RETRACT is a dental product capable of controlling gingival bleeding, temporarily displacing the marginal gingiva and temporarily drying the gingival sulcus around a tooth. The paste allows the dental clinician to perform operative procedures without interference from moisture or excess soft tissue. RETRACT is supplied in 0.5 ml syringes with a hand plunger, intra-oral tips, Instructions for Use & MSDS.

This Preamarket Notification (510(k)) is for the RETRACT Gingival Retraction/Hemostatic Paste.

Here's an analysis of the provided information regarding acceptance criteria and supporting studies:

1. Acceptance Criteria and Reported Device Performance

The document does not explicitly state quantitative acceptance criteria or a direct performance study to meet those criteria. Instead, the submission relies on the concept of substantial equivalence to predicate devices. This means that the device is deemed acceptable if it has similar indications, principles of operation, and technological characteristics to legally marketed devices, and the minor differences do not raise new questions of safety or effectiveness.

Table of Acceptance Criteria and Reported Device Performance (Inferred from Substantial Equivalence):

2. Sample Size and Data Provenance

The document does not describe a specific clinical or performance study with a defined sample size for a test set. The evaluation is based on comparing the device's characteristics and ingredients to existing predicate devices already on the market. Therefore, there is no mention of a "test set" in the traditional sense, or data provenance.

3. Number of Experts and Qualifications for Ground Truth

Since no independent study with a test set was conducted to establish ground truth, there is no information provided on the number or qualifications of experts used for this purpose.

4. Adjudication Method

As there was no specific test set requiring ground truth establishment, there is no adjudication method mentioned.

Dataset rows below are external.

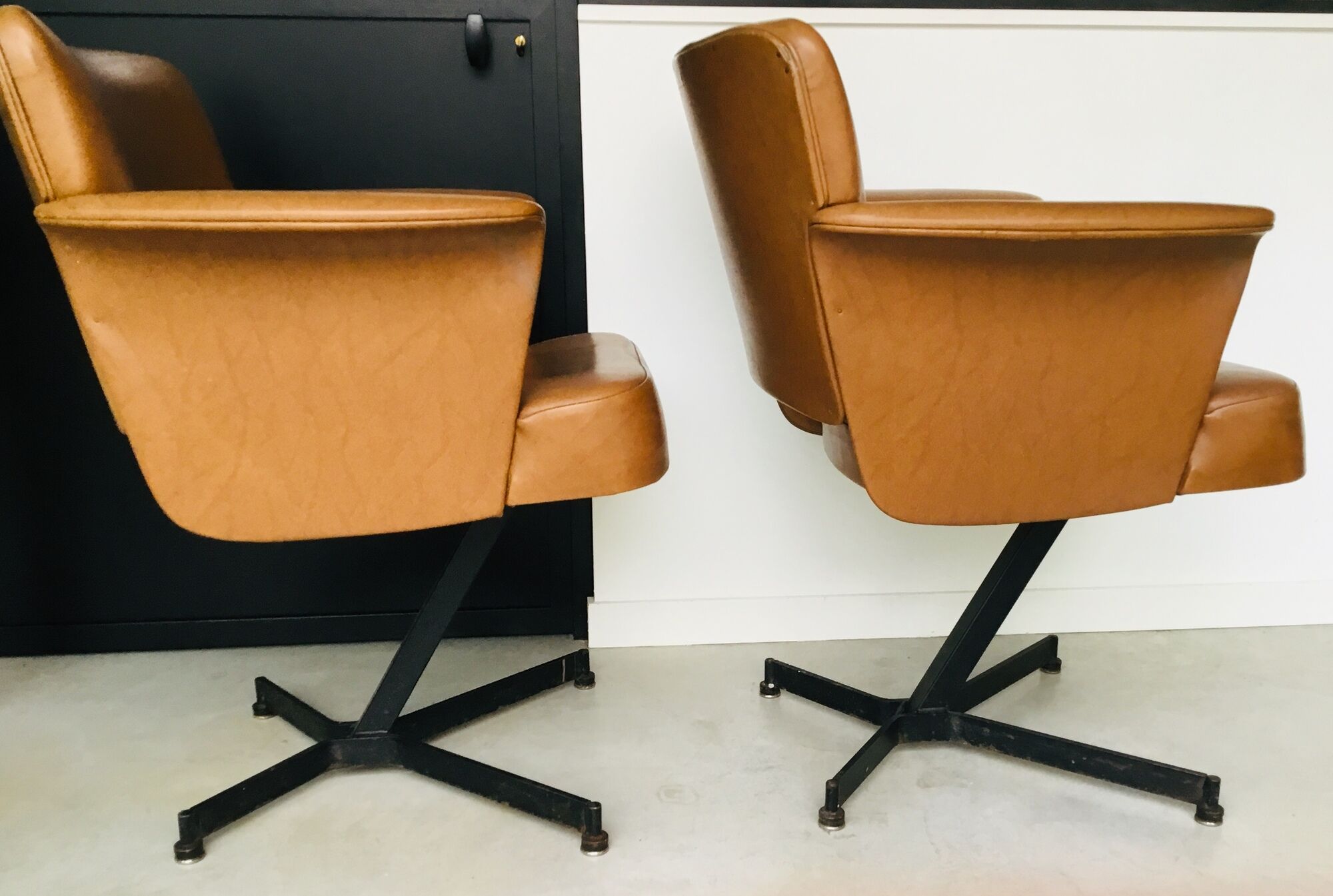 Pair of brown faux leather armchairs - black metallic footing - 1960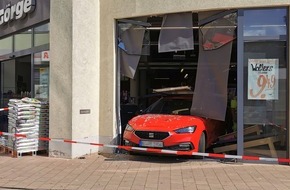 Polizei Braunschweig: POL-BS: Verkehrsunfall endete im Kassenbereich eines Supermarkts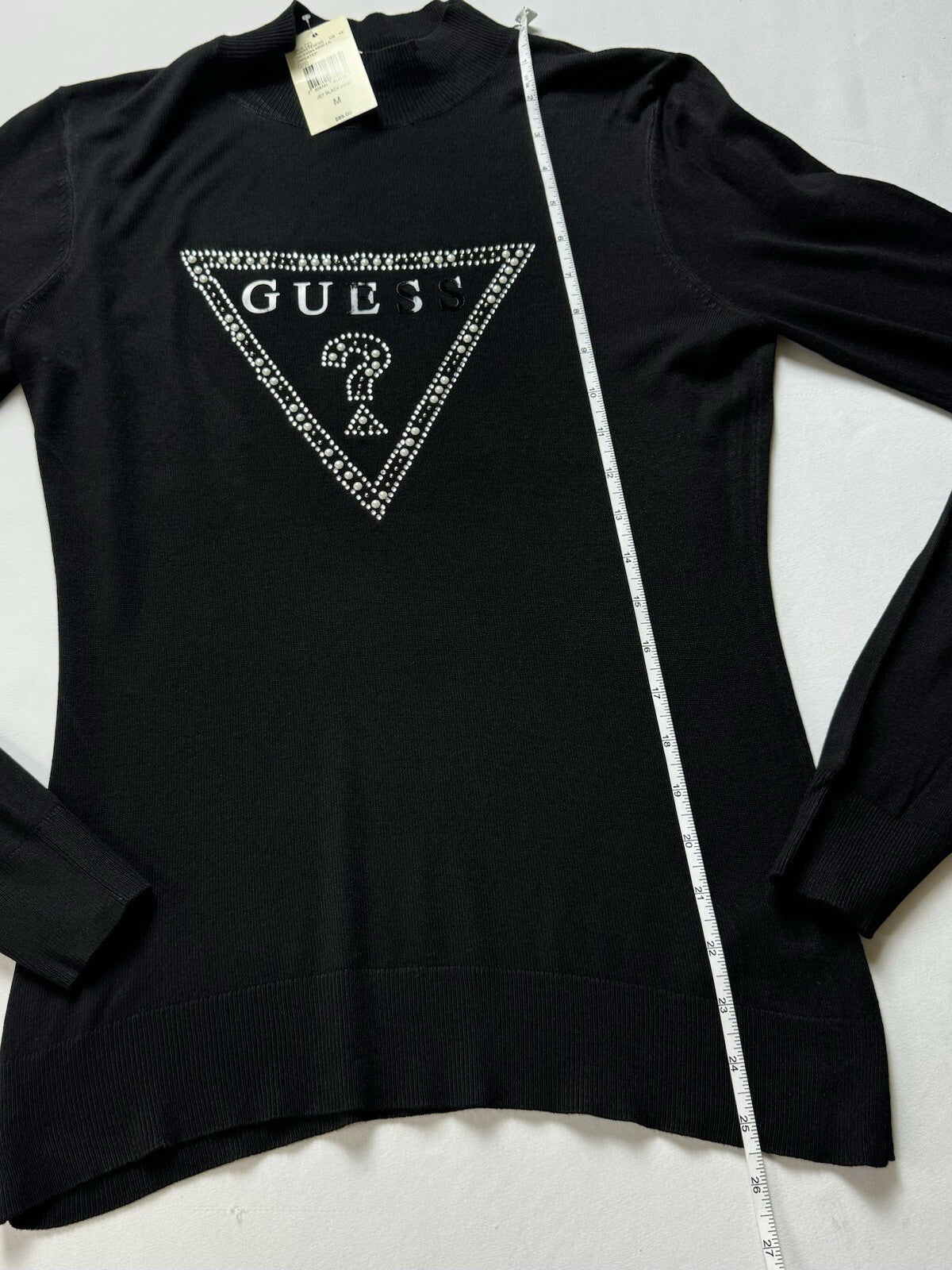 $89 Guess Women’s Rhinestone Logo Sweater Sz M.  (B.115)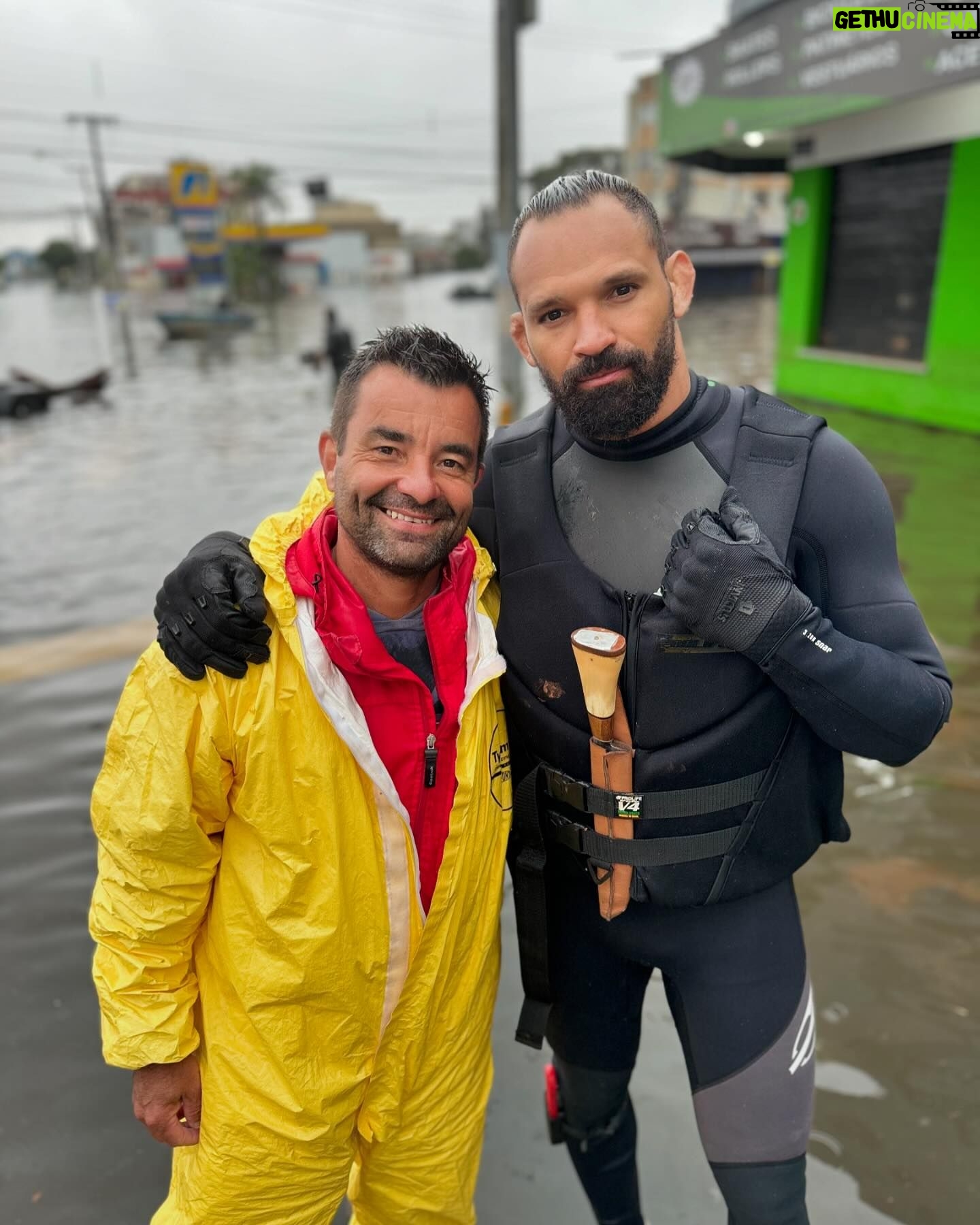 Michel Pereira - 16.3K Likes - Esse foi o nosso último dia aqui. Agradeço a todos os novos amigos que fizemos e que nos acolheram tão bem. Cada resgate feito ao lado de vocês pude ver quem são os verdadeiros heróis de toda essa história 👊
Sou grato por tudo o que vivemos aqui. Apesar de todo o cenário triste de destruição, cada vida salva aqueceu meu coração.
Isso foi por vocês, gaúchos! Somos um povo só, somos brasileiros 🇧🇷
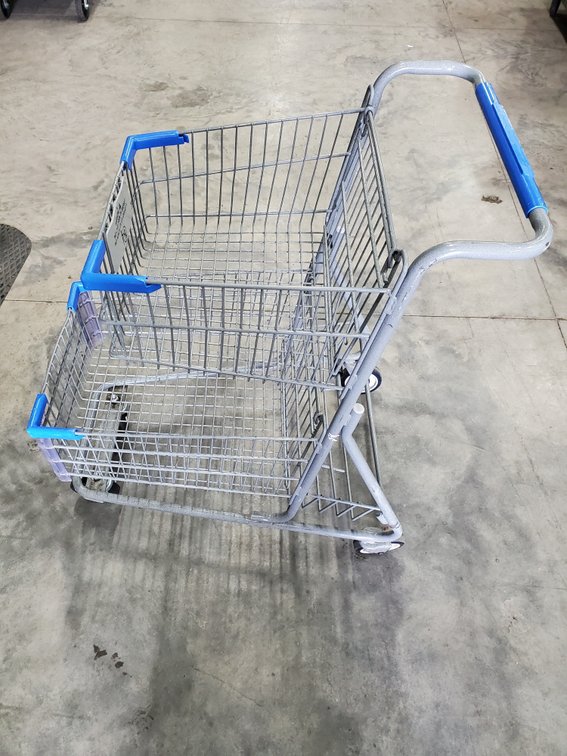 Lot 8: Shopping cart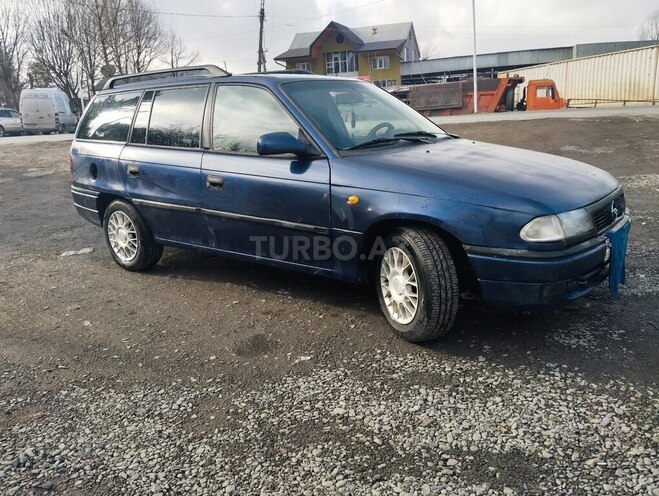 Opel Astra 1997, 225,558 km - 1.6 l - Zaqatala
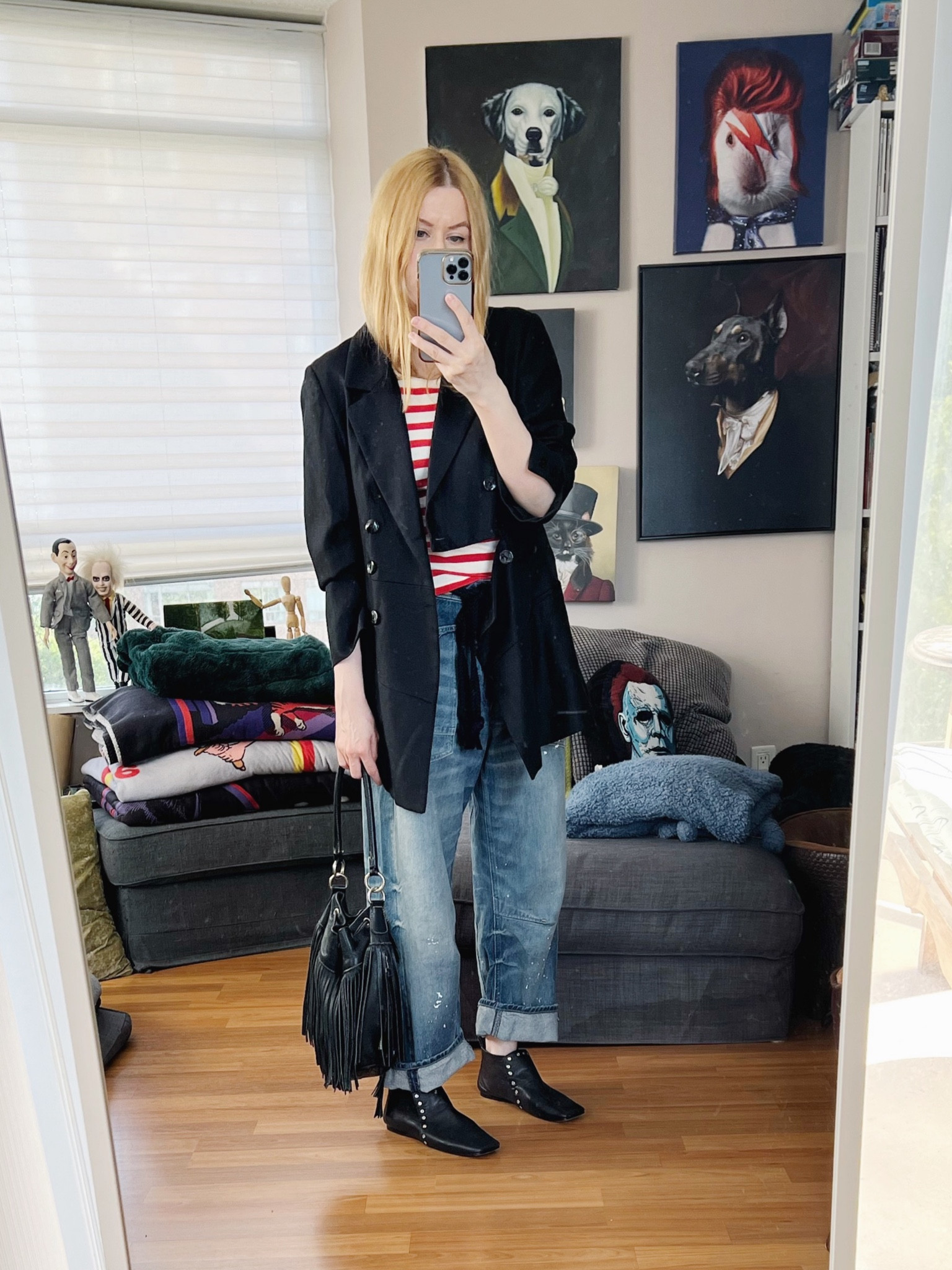 I really love this vintage blazer. The 90s produced some truly great pieces that are timeless, and you wouldn’t know this piece was around 30 years old. 
Blazer, bag, and boots are secondhand or vintage. 
•
#springlook  #torontostylist #oldceline #StyleOver40  #secondhandFind #fashionstylist #slowfashion #FashionOver40  #MumStyle #genX #genXStyle #shopSecondhand #genXInfluencer #genXblogger #secondhandDesigner #Over40Style #40PlusStyle #Stylish40


#LTKOver40 #LTKStyleTip #LTKFindsUnder100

5. Multi-Reader Multi-Case (MRMC) Comparative Effectiveness Study

An MRMC study was not conducted, as the device approval pathway was based on substantial equivalence and not a comparative effectiveness study involving human readers or AI assistance. The device is a paste, not an imaging or diagnostic AI system.

6. Standalone Performance Study

A standalone performance study (i.e., algorithm only without human-in-the-loop performance) was not conducted. This device is a dental material, not an algorithm.

7. Type of Ground Truth Used

The "ground truth" in this context is implicitly the established safety and effectiveness profile of the predicate devices. The new device is deemed acceptable because its characteristics align with or are similar to those already proven safe and effective in the market. It's an expert judgment based on prior approvals and material science, rather than a new "ground truth" derived from patient outcomes or pathology for this specific device.

8. Sample Size for the Training Set

The document does not mention a training set in the context of an algorithm or machine learning. The "training" for this type of device development would involve research and development to formulate the paste and ensure its chemical and physical properties are suitable, often based on existing knowledge of similar materials.

9. How Ground Truth for the Training Set Was Established

Since there is no explicit "training set" as understood in algorithm development, there's no information on how its "ground truth" was established. The development of the device would rely on established scientific principles for material formulation, chemical compatibility, and efficacy of known hemostatic and gingival retraction agents, guided by regulatory requirements and industry standards.